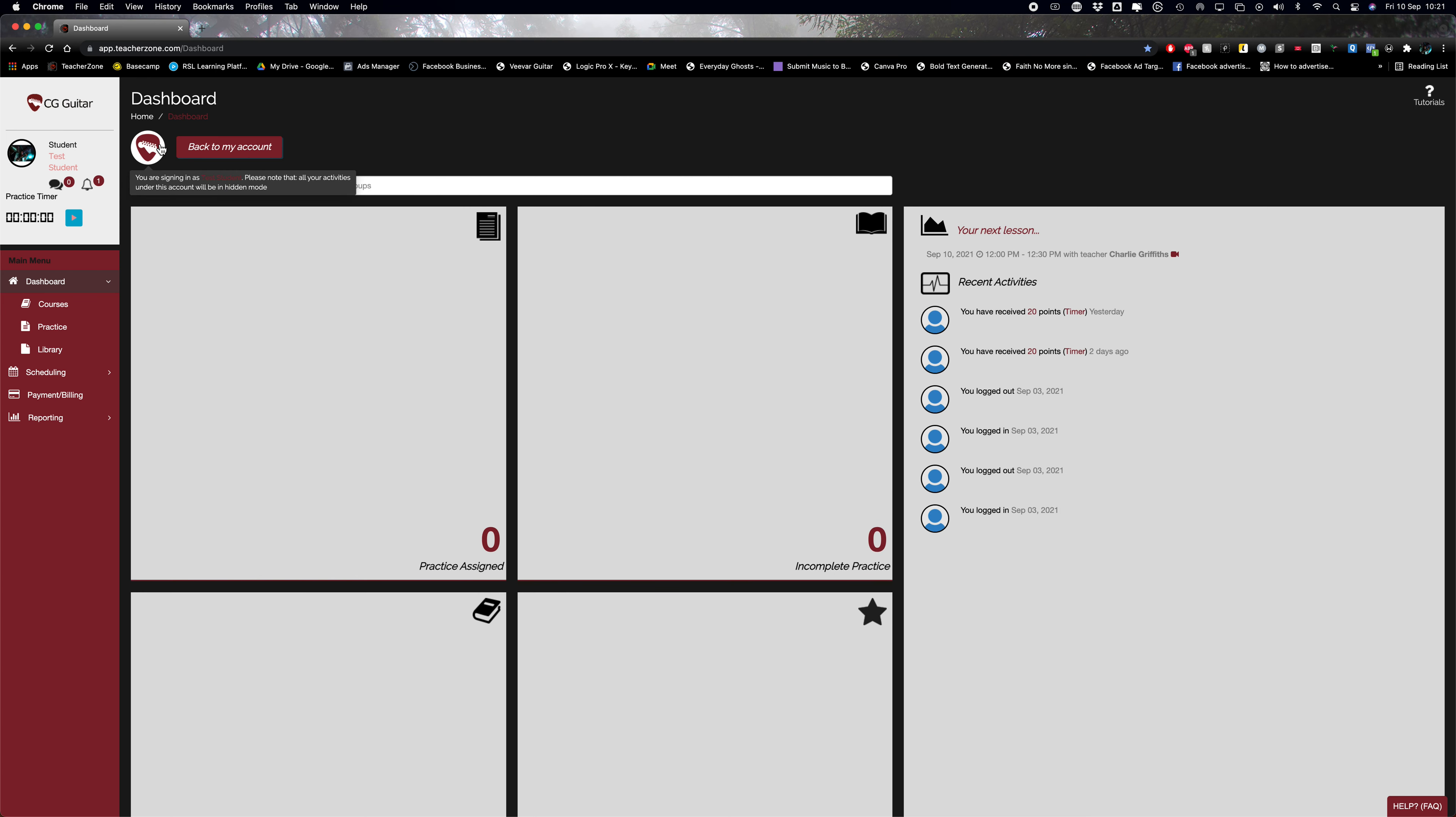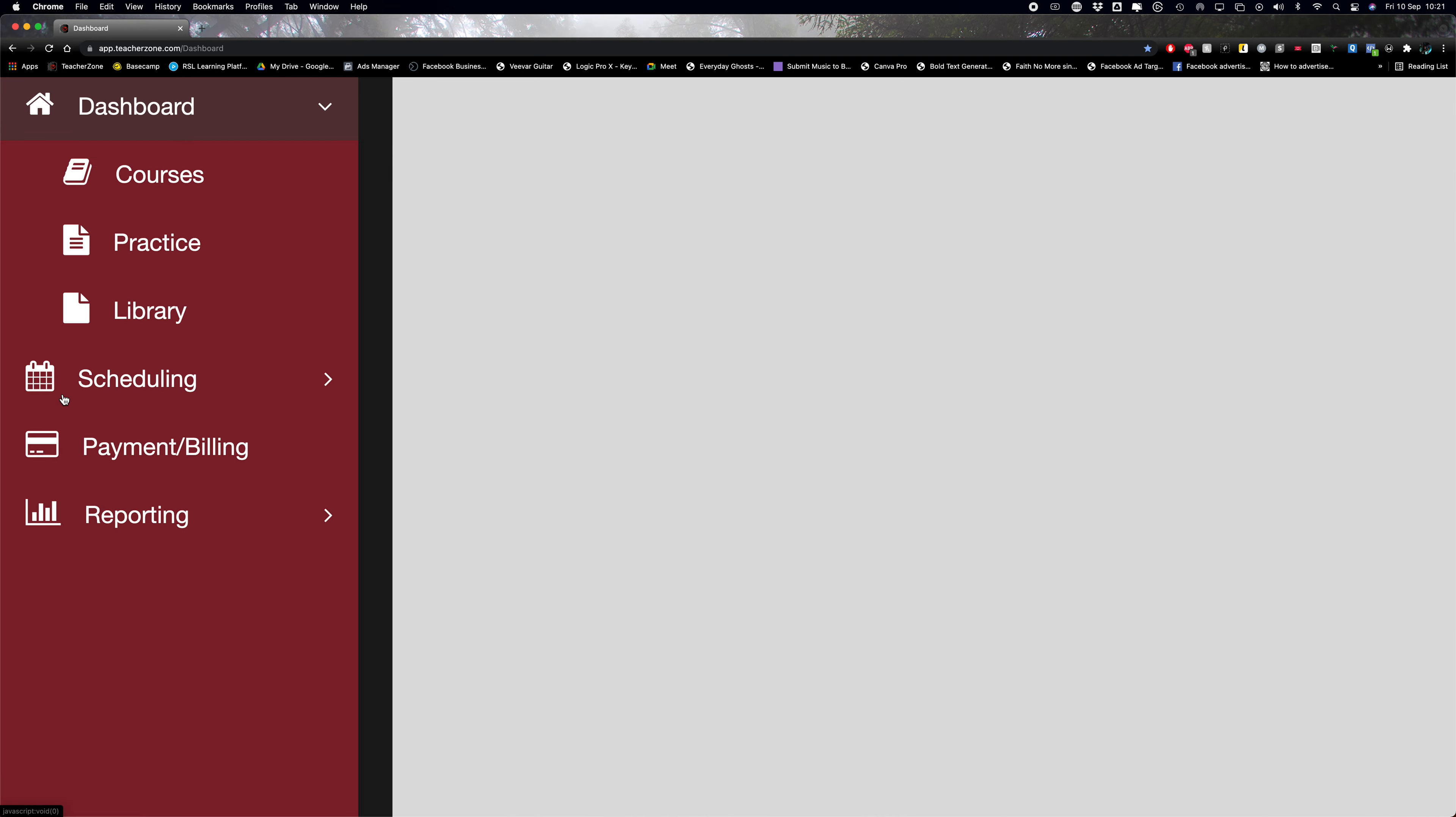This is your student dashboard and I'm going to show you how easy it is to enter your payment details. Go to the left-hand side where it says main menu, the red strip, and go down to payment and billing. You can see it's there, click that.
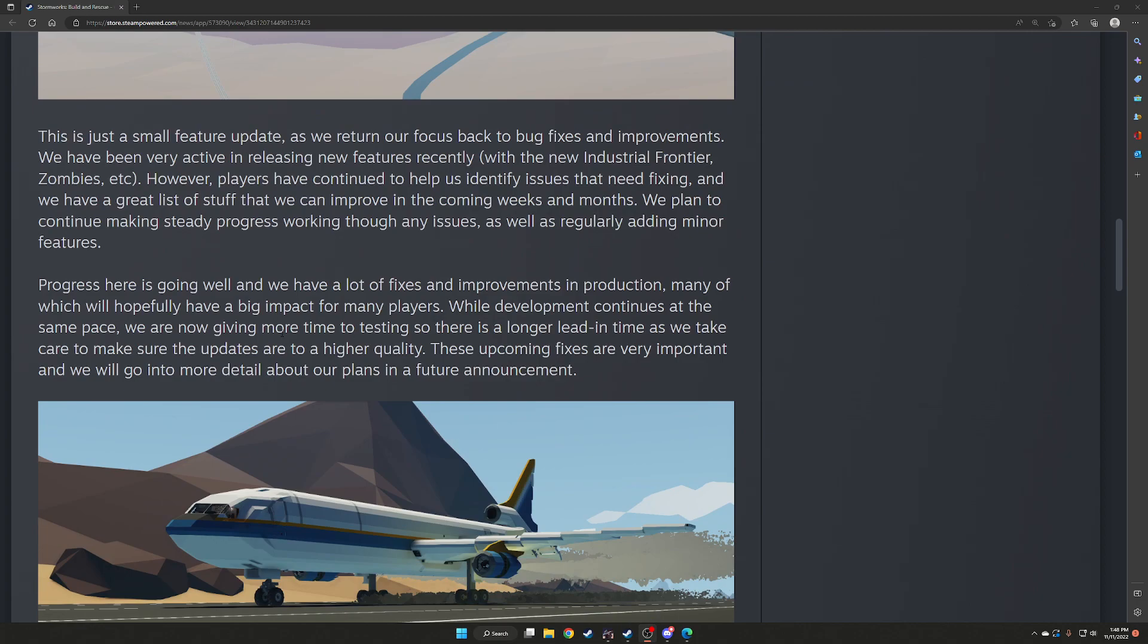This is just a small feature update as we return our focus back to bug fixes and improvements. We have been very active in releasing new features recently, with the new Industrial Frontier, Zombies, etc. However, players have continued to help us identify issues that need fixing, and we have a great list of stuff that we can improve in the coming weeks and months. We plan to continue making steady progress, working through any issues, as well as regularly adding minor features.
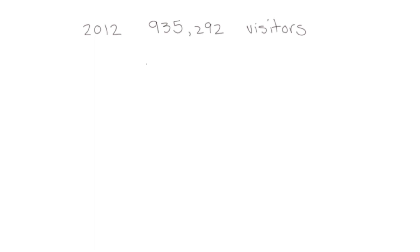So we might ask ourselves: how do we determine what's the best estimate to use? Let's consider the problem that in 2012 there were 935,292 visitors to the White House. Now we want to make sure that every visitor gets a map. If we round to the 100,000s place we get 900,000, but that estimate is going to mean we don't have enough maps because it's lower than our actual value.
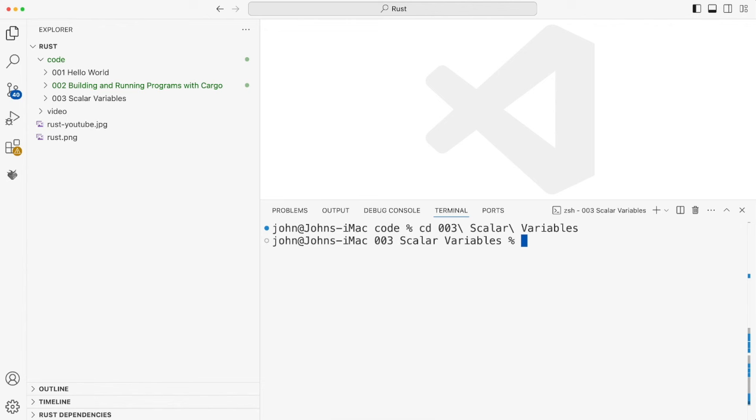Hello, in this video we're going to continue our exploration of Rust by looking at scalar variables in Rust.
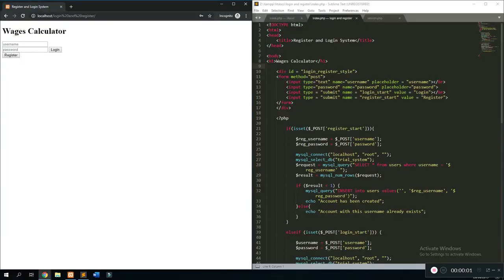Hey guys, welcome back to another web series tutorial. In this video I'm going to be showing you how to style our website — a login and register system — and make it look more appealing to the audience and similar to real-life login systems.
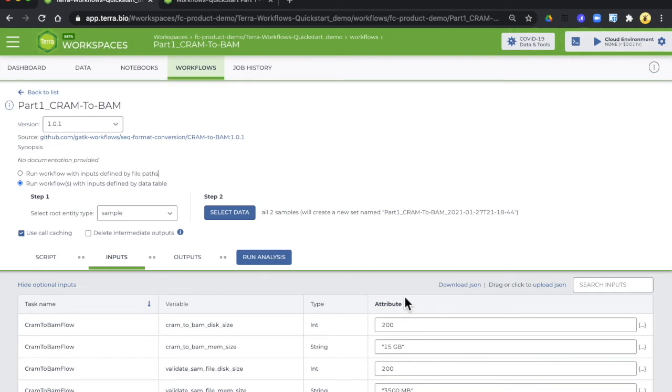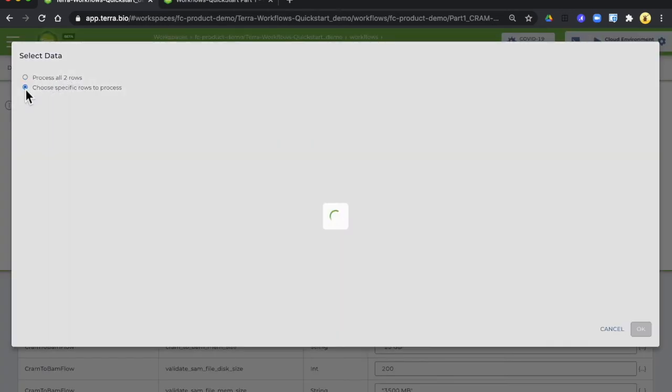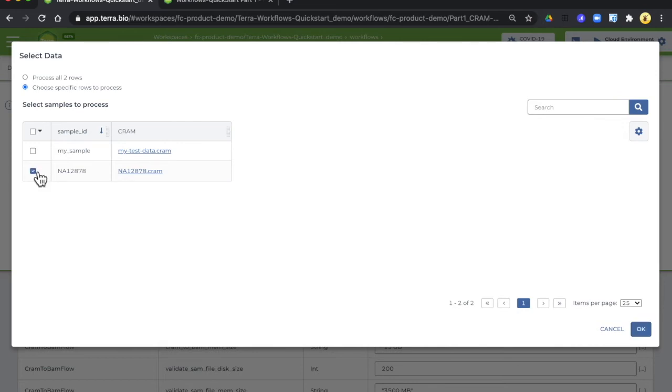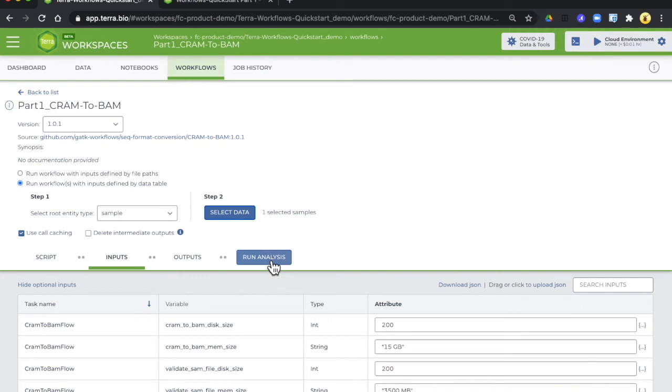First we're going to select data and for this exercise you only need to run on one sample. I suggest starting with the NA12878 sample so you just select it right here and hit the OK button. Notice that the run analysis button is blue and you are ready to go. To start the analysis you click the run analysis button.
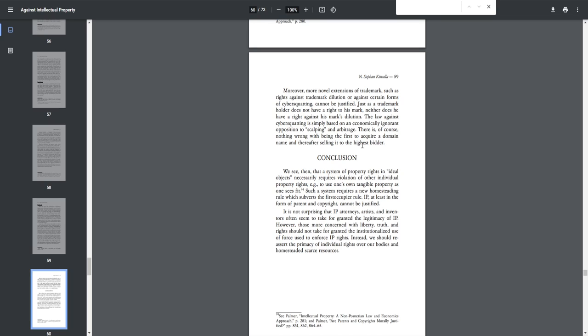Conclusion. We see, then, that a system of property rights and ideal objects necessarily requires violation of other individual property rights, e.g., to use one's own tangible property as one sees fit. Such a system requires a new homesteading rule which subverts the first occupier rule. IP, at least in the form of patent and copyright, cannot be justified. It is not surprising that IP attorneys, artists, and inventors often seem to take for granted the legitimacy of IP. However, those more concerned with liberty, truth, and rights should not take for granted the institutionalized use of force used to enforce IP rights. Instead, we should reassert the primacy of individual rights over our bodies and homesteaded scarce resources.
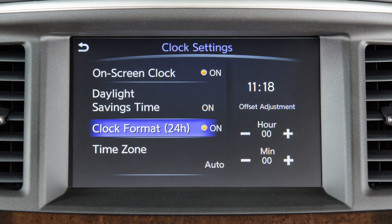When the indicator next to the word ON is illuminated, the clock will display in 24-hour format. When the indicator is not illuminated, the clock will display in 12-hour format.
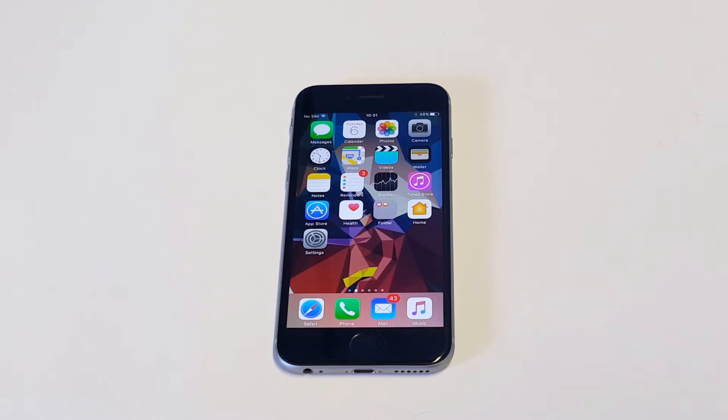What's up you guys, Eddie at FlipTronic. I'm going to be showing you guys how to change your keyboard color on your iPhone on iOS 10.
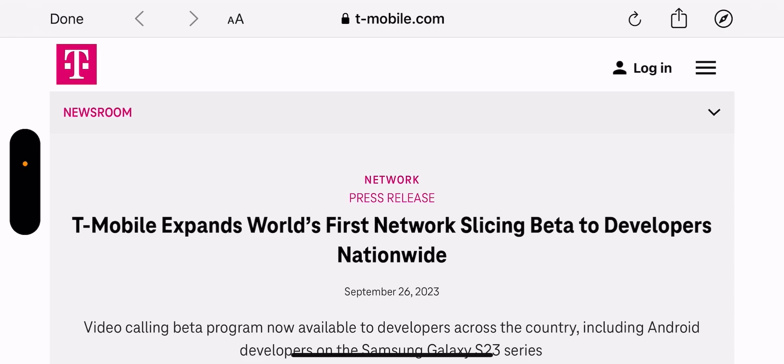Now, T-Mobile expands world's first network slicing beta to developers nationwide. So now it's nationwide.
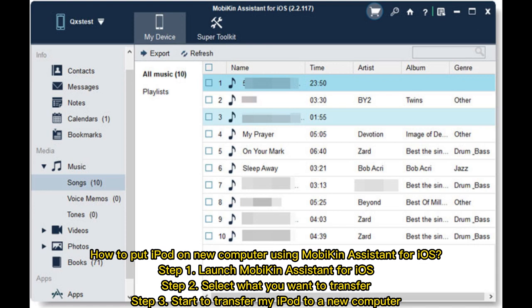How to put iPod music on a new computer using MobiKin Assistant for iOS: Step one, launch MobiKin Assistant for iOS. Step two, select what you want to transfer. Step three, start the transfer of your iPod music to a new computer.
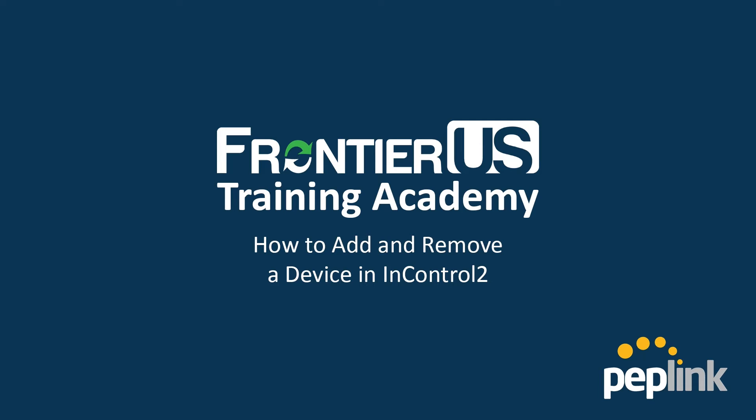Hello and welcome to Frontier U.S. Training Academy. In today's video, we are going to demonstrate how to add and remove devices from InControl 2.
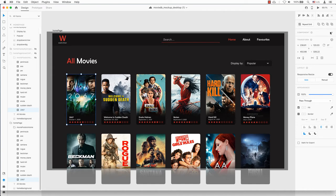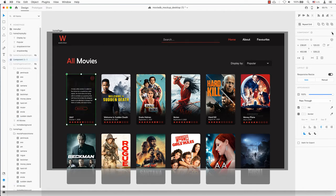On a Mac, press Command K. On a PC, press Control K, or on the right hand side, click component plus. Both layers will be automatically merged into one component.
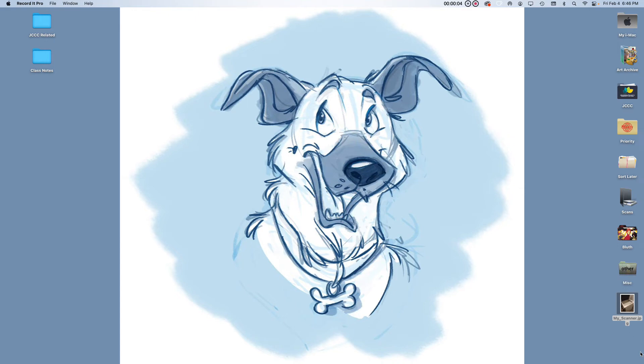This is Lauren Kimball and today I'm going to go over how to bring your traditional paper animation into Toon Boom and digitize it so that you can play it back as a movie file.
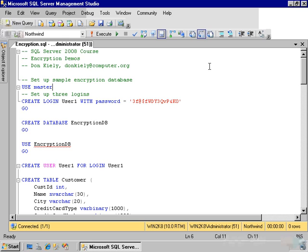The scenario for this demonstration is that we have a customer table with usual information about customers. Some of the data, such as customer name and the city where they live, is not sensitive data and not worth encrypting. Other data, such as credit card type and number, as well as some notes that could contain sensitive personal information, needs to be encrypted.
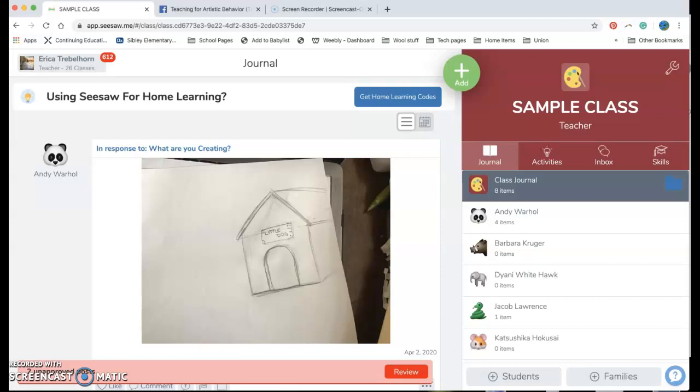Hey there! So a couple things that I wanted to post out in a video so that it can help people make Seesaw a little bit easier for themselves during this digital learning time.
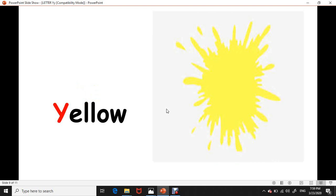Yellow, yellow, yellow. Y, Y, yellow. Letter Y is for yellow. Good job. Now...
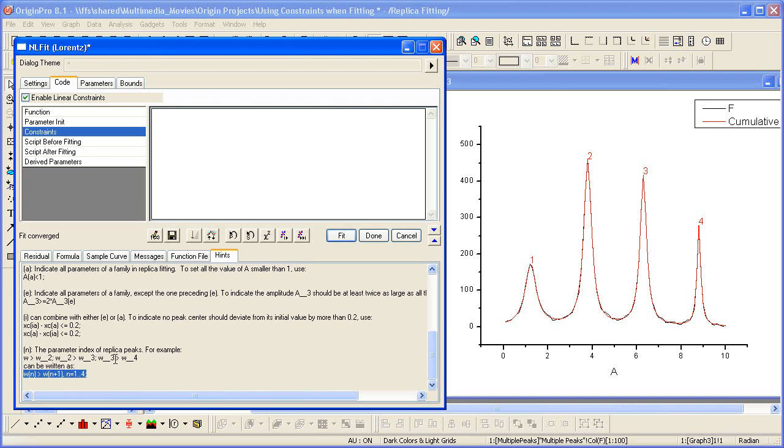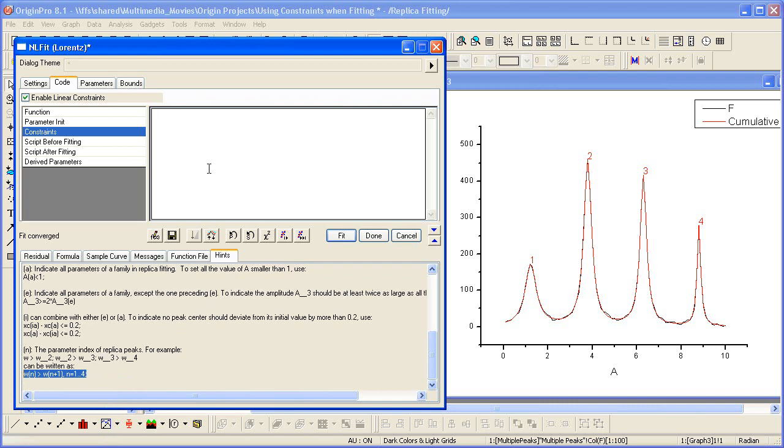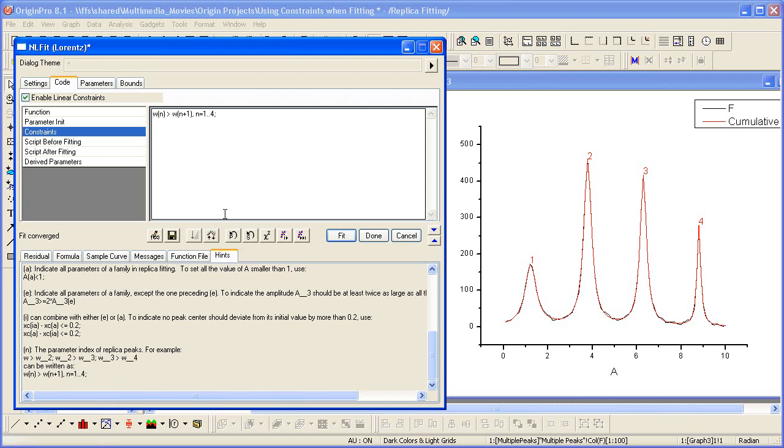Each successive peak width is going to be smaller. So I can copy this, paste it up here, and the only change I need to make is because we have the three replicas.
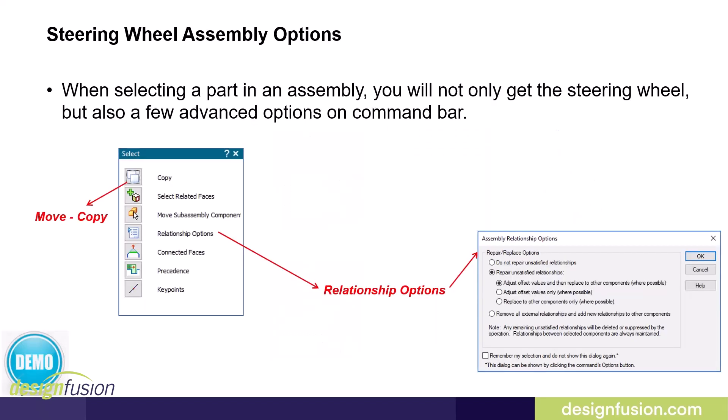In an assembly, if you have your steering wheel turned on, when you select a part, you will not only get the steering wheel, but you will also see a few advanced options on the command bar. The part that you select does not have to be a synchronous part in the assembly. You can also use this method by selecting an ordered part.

□ □ □

#### TASK INSTRUCTIONS:
In the records above, find the line with "When the indicator next" and the line with "Each successive peak", then restate word for word only those two lines and all lines between, omitting pictures.

#### OUTPUT FOR THIS TASK:
When the indicator next to the word ON is illuminated, the clock will display in 24-hour format. When the indicator is not illuminated, the clock will display in 12-hour format.
What's up you guys, Eddie at FlipTronic. I'm going to be showing you guys how to change your keyboard color on your iPhone on iOS 10.
Now, T-Mobile expands world's first network slicing beta to developers nationwide. So now it's nationwide.
How to put iPod music on a new computer using MobiKin Assistant for iOS: Step one, launch MobiKin Assistant for iOS. Step two, select what you want to transfer. Step three, start the transfer of your iPod music to a new computer.
Hello and welcome to Frontier U.S. Training Academy. In today's video, we are going to demonstrate how to add and remove devices from InControl 2.
On a Mac, press Command K. On a PC, press Control K, or on the right hand side, click component plus. Both layers will be automatically merged into one component.
This is Lauren Kimball and today I'm going to go over how to bring your traditional paper animation into Toon Boom and digitize it so that you can play it back as a movie file.
The scenario for this demonstration is that we have a customer table with usual information about customers. Some of the data, such as customer name and the city where they live, is not sensitive data and not worth encrypting. Other data, such as credit card type and number, as well as some notes that could contain sensitive personal information, needs to be encrypted.
Hey there! So a couple things that I wanted to post out in a video so that it can help people make Seesaw a little bit easier for themselves during this digital learning time.
Yellow, yellow, yellow. Y, Y, yellow. Letter Y is for yellow. Good job. Now...
Each successive peak width is going to be smaller. So I can copy this, paste it up here, and the only change I need to make is because we have the three replicas.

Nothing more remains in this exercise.